Monday, April 18, 2016

Lateral movement is not progress

If I've heard it once, I've heard it a thousand times. At some point in any abortion debate, someone is on the "pro-choice" side is going to retort with the question of how many babies the people on the pro-life side have adopted. Whether they realize it or not, this is their premise: "You are not allowed to desire that a person does not murder another person unless you are willing to take on full, cradle-to-grave responsibility for the would-be murderer's potential victim."

That's the surface premise, anyways. The deeper premise is even more ostentatious and cruel than they realize, because they lack the full picture.

Once upon a time, an unwed pregnancy resulted in either a shotgun wedding or a woman struggling to raise her bastard child alone. The lucky single mother raised hers among her own extended family. Famous men could usually get away with fathering children they had no intention of supporting; in other cases, the woman's family, the male members in particular, acted to make sure that he paid in one way or another.

At one point, society decided that the government needed to be involved in this situation. First unwed mothers were required to live in group homes. Then welfare was extended to their families. Then welfare (originally meant only for widows) was restructured so that unwed mothers received more goods and services than other family types. Finally, abortion was both legalized and encouraged, with highschools enabling it secretly, receptionists glancing the other way, and advisers of all sorts telling young women that, if they carried their pregnancies to term, their entire lives, hopes, and dreams would be over. The fact that society's willingness to glance the other way has enabled many predators and outright rapists to hide the evidence of their crimes is another sordid story entirely.

What happened was this: At first, the unwed pregnancy was the responsibility of the father and then, should he manage to escape it, the mother, with an expectation that her family would step in. Then, the unwed pregnancy became the responsibility of all of us. Now, "we" are trying to escape "our" unearned responsibility by coaxing, pressuring, or outright coercing the mother into an abortion.

"So how many have YOU adopted?" means, in a deeper context, "She shouldn't be allowed to keep her baby. If she won't kill it, it should be taken away from her for her own good." Oh, it isn't a matter of legality, not yet, but the clear majority of women in even the most "pro-choice"-friendly polls and studies say that they wanted to keep their babies, but that they felt pressured or forced into getting an abortion instead. "So how dare YOU vote to lower these social programs?" means, in a deeper context, "This baby is your responsibility. If you don't pressure her to kill it, it falls to you to support the child." Have you noticed yet what is missing from this equation?
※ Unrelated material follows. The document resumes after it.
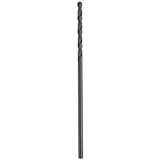 Bosch BL2643 1/4 In. x 6 In. Extra Length Aircraft Black Oxide Drill Bit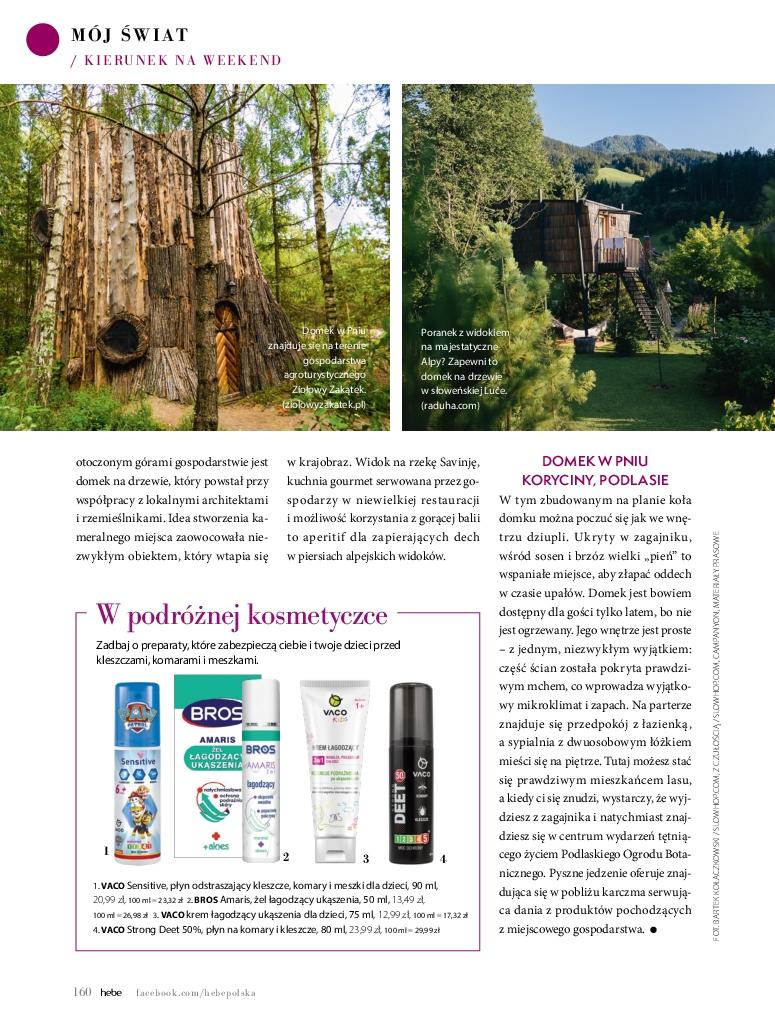 Gazetka promocyjna Hebe str. 160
My grandmother is strongly in favor of requiring an unwed mother to give the father's name before she is allowed to receive government services, so that the State can seek him out for recompense. She was born in the mid-'30's, and is appalled at the current state of affairs, where men are 'free' to have sex with as many women as they like, without consequences, and the men (and women) who buckle down, work hard, and wear themselves out providing for their own families must now return for several more hours of work to deal with the freeloaders. When she says "freeloaders", she is not speaking of the unwed mother and her children. She is speaking of their absent fathers.

What she sees, and what I see, is a new form of patriarchal oppression. Modern Feminism loves to talk about 'patriarchal oppression', and for the most part, they are blowing smoke. That doesn't mean that there were never forms of patriarchal oppression in society from time to time. This was one of them: Men of certain stature were allowed, during certain areas of society, to avoid responsibility for impregnating women. We saw it among royalty and nobility in the feudal systems. We also saw it among slaveowners in the Deep South. Everyone else would shuffle about and cover it up, and those few men 'at the top' would know that they could do as they liked without repercussions or responsibility. In modern times, aided and abetted by Modern Feminism, we have the same situation again: Men are allowed to avoid responsibility for impregnating women.

The 'adoption/welfare' argument assumes as a beginning premise that, when a man is a cad, we are the ones personally responsible for the result. The 'pro-choice' argument itself concludes that the only way for us to absolve ourselves of his responsibility is to encourage or urge her to have the abortion.